Merkel cell carcinoma is a rare type of skin cancer that often appears as an itchy, flesh-colored or bluish-red bump on exposed areas like the face, neck, arms and legs. These bumps typically develop on areas that receive extensive sunlight exposure such as the face, neck area, arms or legs.

Dermatofibrosarcoma Protuberans:

Dermatofibrosarcoma protuberans is a rare type of skin cancer that usually presents as an elevated, flesh-colored or pink bump on exposed areas such as the face, neck, arms and legs.

Kaposi Sarcoma:

Kaposi sarcoma is a rare type of skin cancer that typically appears as purple, red or brown patches on areas not exposed to sunlight such as soles of feet or inside the mouth. Kaposi sarcoma tends to occur more commonly among people with compromised immune systems like HIV/AIDS patients but can also affect those without any underlying medical issues.

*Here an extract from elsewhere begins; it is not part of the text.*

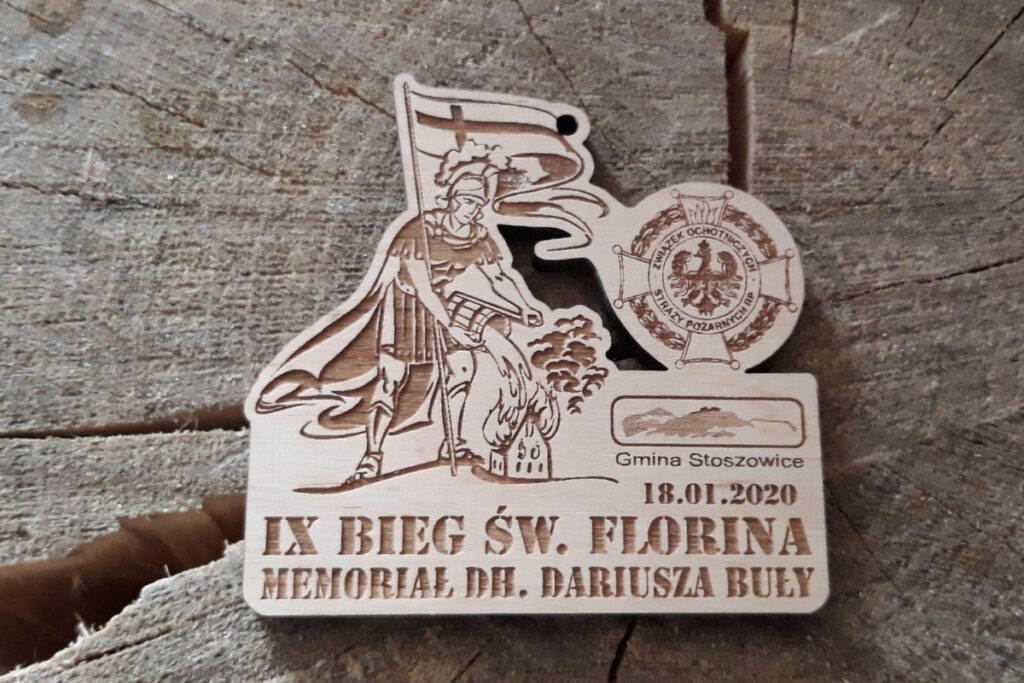 Drewniany medal na IX Bieg św. Floriana z grawerem postaci świętego gaszącego pożar, logotypem wydarzenia oraz ozdobną typografią, wykonany z jasnej brzozy bez śladów osmaleń.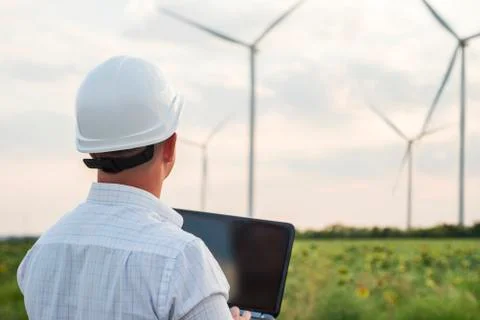 Engineer is checking energy production on wind turbine. Worker in windmills p Stock Photos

It is essential to be aware that even though these types of skin cancer are less frequent, they can still be serious and should be addressed as soon as possible.

It's essential to regularly inspect your skin for any abnormal growths or changes, such as new moles or growths or changes to existing moles or growths. If you observe any of the following signs or symptoms, seek medical advice from a dermatologist or healthcare provider:

  • Moles or growths that appear to be changing in size, shape, or color
  • Asymmetrical mole or growth with an irregular border
  • A mole or growth larger than a pencil eraser
  • Bleeding or itching at the site of the growth
  • A sore that won't heal

In addition to checking your skin regularly, it is essential to protect it from the sun by wearing protective clothing and sunscreen with an SPF of at least 30. Avoid tanning beds and limit exposure to direct sunlight, especially during peak hours.